*THE TASK*. The copy must run from the first line of the entries below through the line containing "Free Side view", restated word for word, with pictures left out.

── RECORDS TO PROCESS

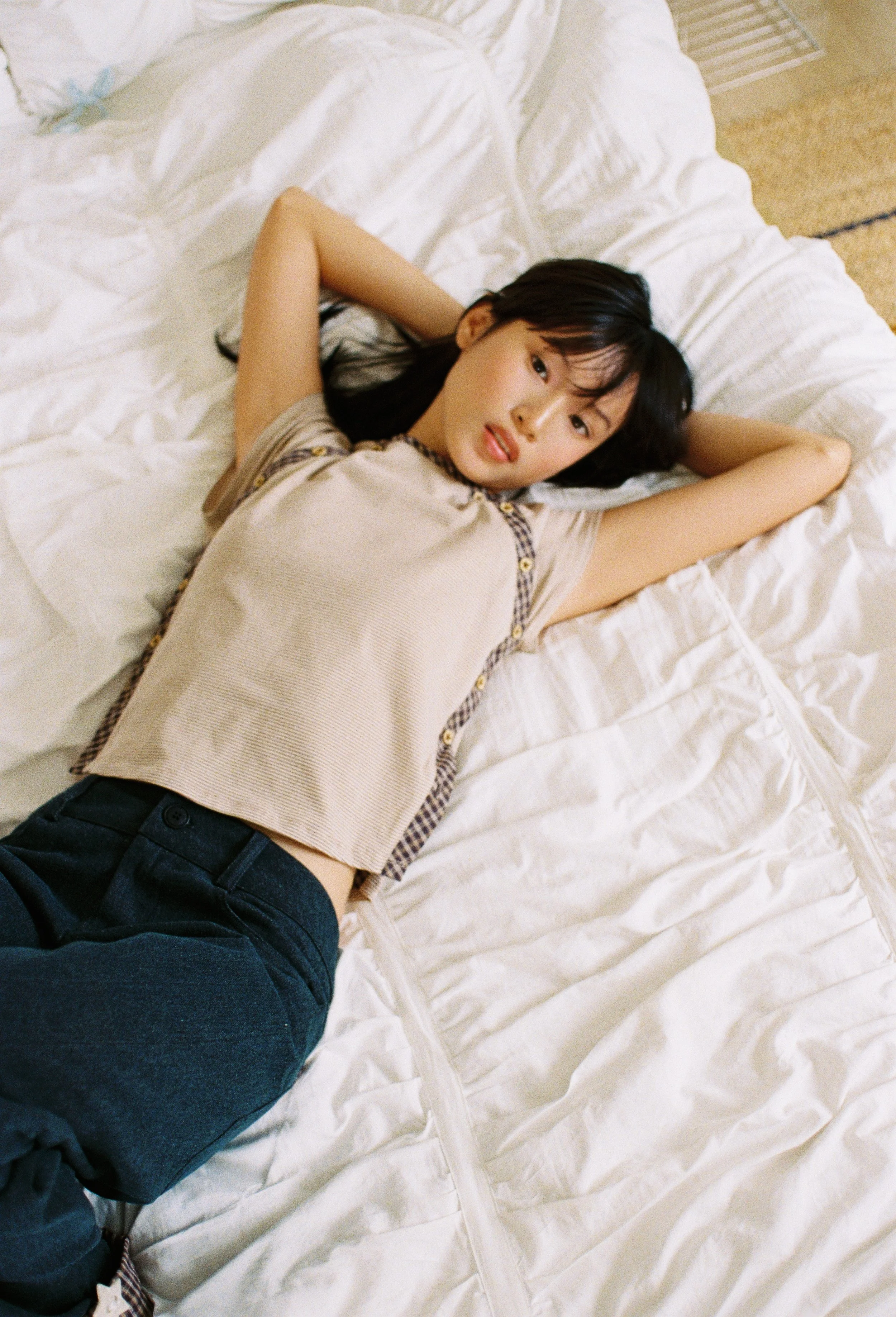 A young woman with black hair lies on her back on a bed with white sheets, looking at the camera with her arms bent behind her head. She is wearing a beige top with plaid trim and dark blue jeans.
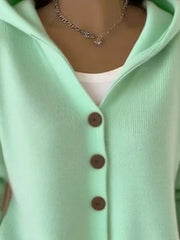 Green hooded knit cardigan with button front and white tank top.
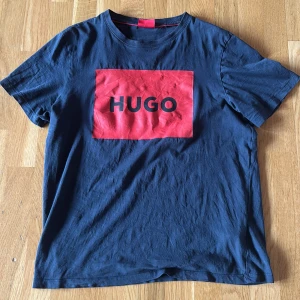 Mörkblå HUGO t-shirt med röd logga - Snygg mörkblå t-shirt från HUGO med stor röd logga framtill. Klassisk rund halsringning och korta ärmar. Tillverkad i mjuk bomull som känns skön mot huden. Perfekt för dig som gillar stilrena plagg med en tydlig logga.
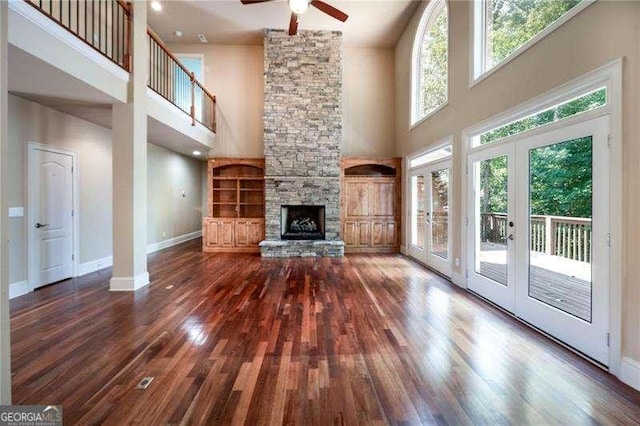 unfurnished living room featuring dark hardwood / wood-style flooring, a stone fireplace, french doors, and ceiling fan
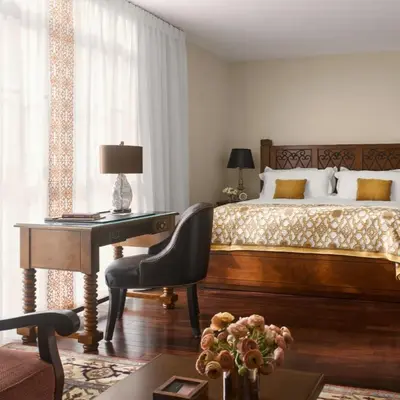 a bedroom with a bed and a desk with a desk at Plaza la Reina in Los Angeles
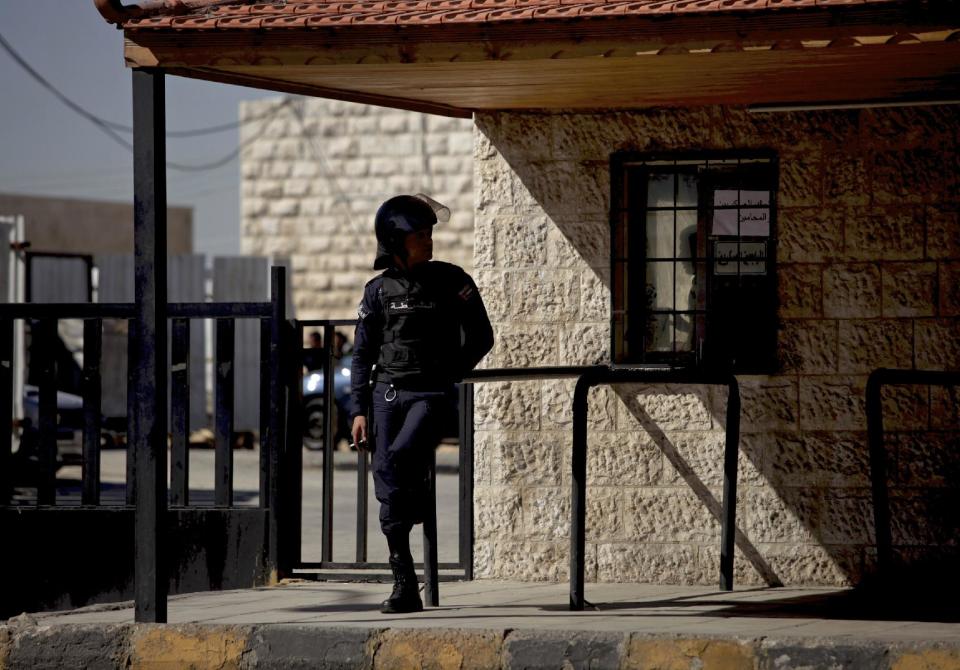 A Jordanian policeman stands guard during the trial of radical Sunni preacher, Abu Qatada, in Amman, Jordan, Thursday, Feb. 13, 2014. The 52-year-old Abu Qatada told reporters during a break in his trial on Thursday that he "supports" suicide attacks in Lebanon against Shiite targets. Abu Qatada has been described as a senior al-Qaida figure in Europe who had close ties to the late Osama bin Laden. (AP Photo/Mohammad Hannon)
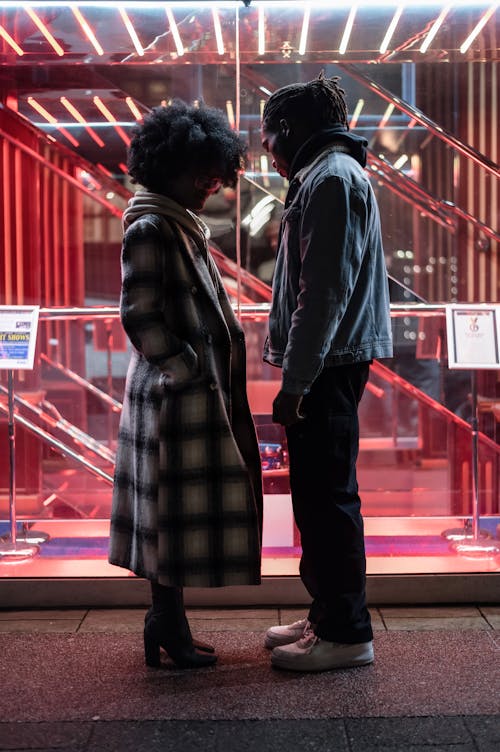 Free Side view full body of unhappy African American couple standing on street near glass wall with glowing lights Stock Photo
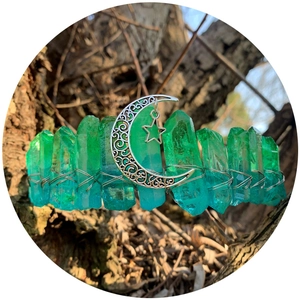 Natural green crystal crown with silver crescent moon and star charms on bark background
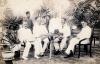 A photo of five International Drillers, wearing white, around a table with a hat on it. A servant stands behind them. There are trees in the background. 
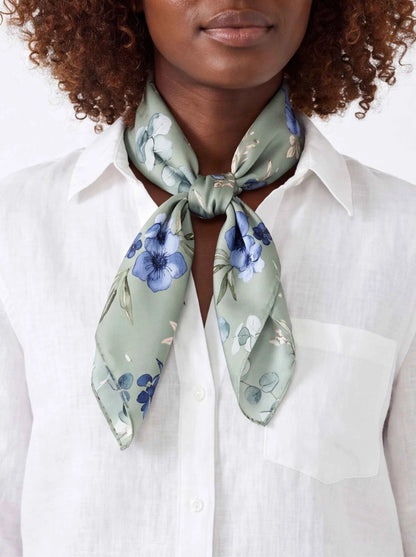 Silk neck scarf with light blue and green floral pattern, tied knot close-up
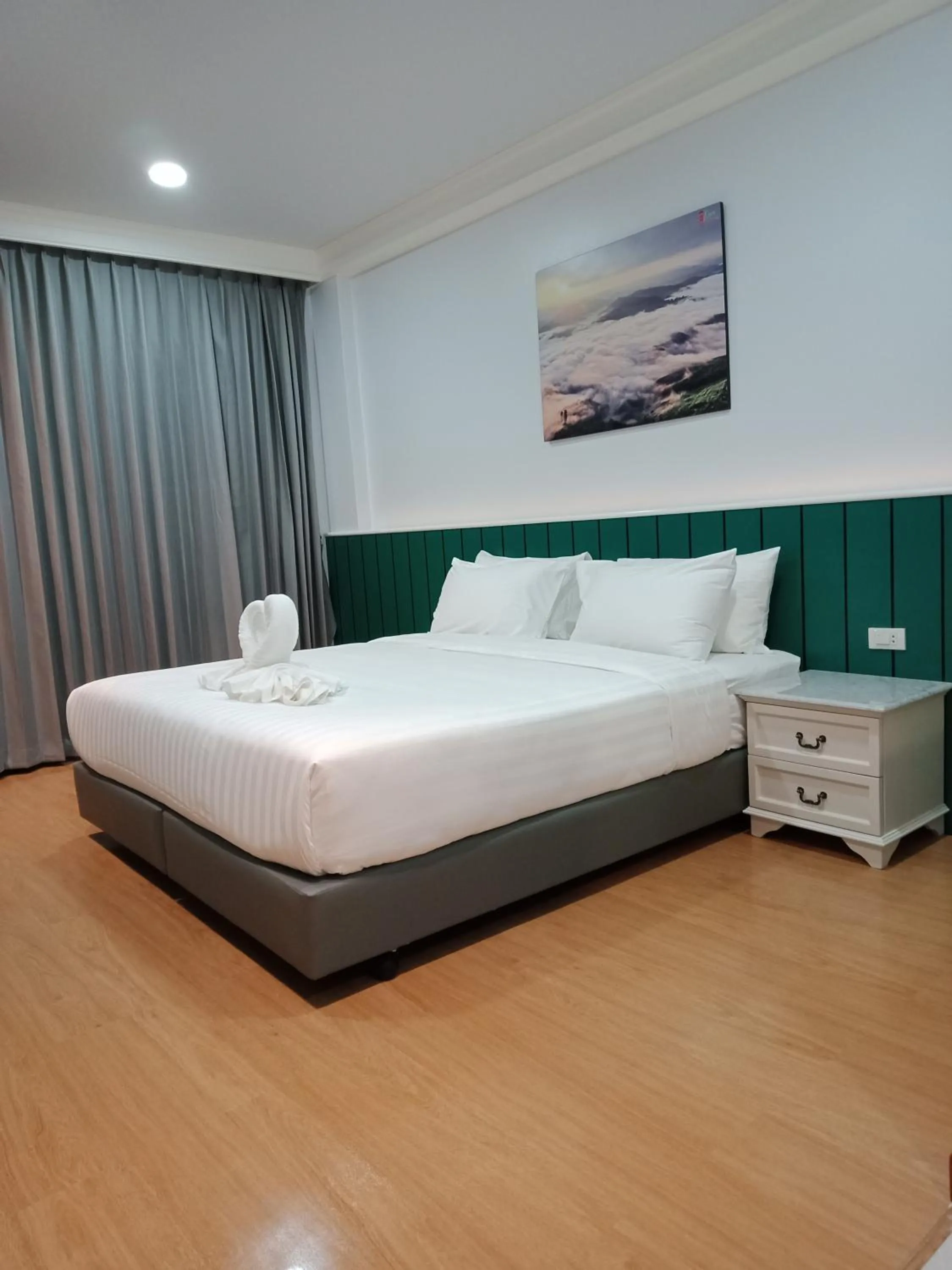 Bed in Grandview Landmark Betong Hotel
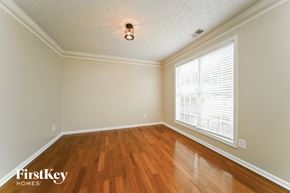 Jonesboro house for rent - the living room with wood floors and a large window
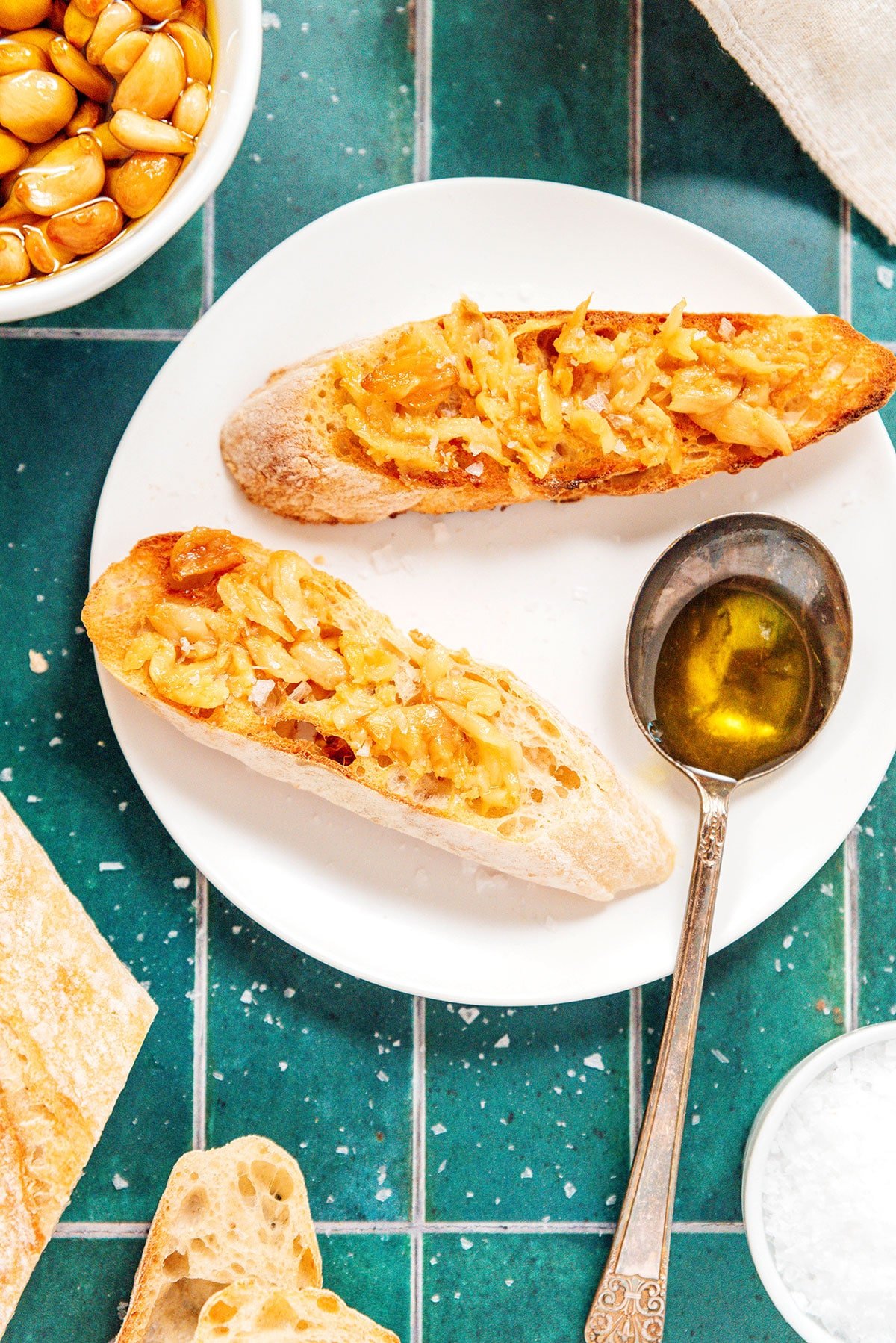 Two slices of toasted bread topped in garlic confit spread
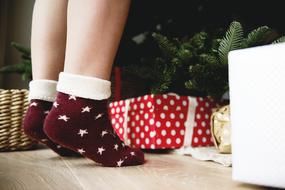 Christmas Celebration, female legs at gift boxes and fir tree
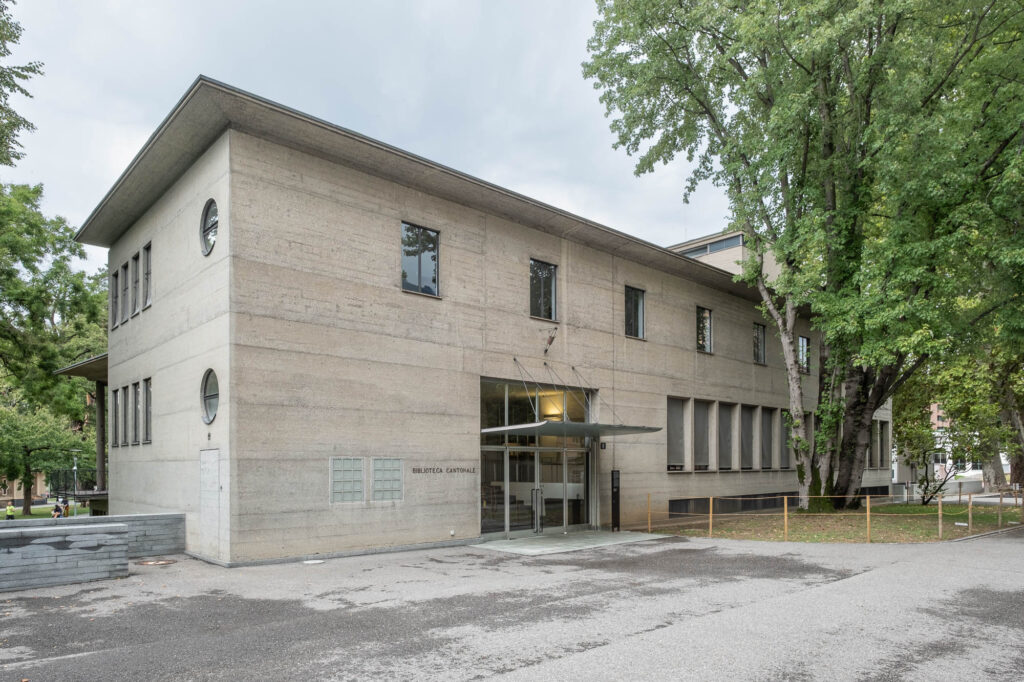Exterior of a modernist library. It is a rectangular concrete building with rectangular windows and two round windows. The entrance is square and covered with a thin metallic porte cochère. The words "Biblioteca Cantonale" are written left of the entrance.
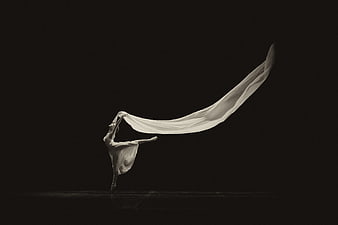 Ballerina with flowing fabric in dramatic black and white dance pose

────

*ANSWER TO THE PROBLEM*.
 A young woman with black hair lies on her back on a bed with white sheets, looking at the camera with her arms bent behind her head. She is wearing a beige top with plaid trim and dark blue jeans.
 Green hooded knit cardigan with button front and white tank top.
 Mörkblå HUGO t-shirt med röd logga - Snygg mörkblå t-shirt från HUGO med stor röd logga framtill. Klassisk rund halsringning och korta ärmar. Tillverkad i mjuk bomull som känns skön mot huden. Perfekt för dig som gillar stilrena plagg med en tydlig logga.
 unfurnished living room featuring dark hardwood / wood-style flooring, a stone fireplace, french doors, and ceiling fan
 a bedroom with a bed and a desk with a desk at Plaza la Reina in Los Angeles
 A Jordanian policeman stands guard during the trial of radical Sunni preacher, Abu Qatada, in Amman, Jordan, Thursday, Feb. 13, 2014. The 52-year-old Abu Qatada told reporters during a break in his trial on Thursday that he "supports" suicide attacks in Lebanon against Shiite targets. Abu Qatada has been described as a senior al-Qaida figure in Europe who had close ties to the late Osama bin Laden. (AP Photo/Mohammad Hannon)
 Free Side view full body of unhappy African American couple standing on street near glass wall with glowing lights Stock Photo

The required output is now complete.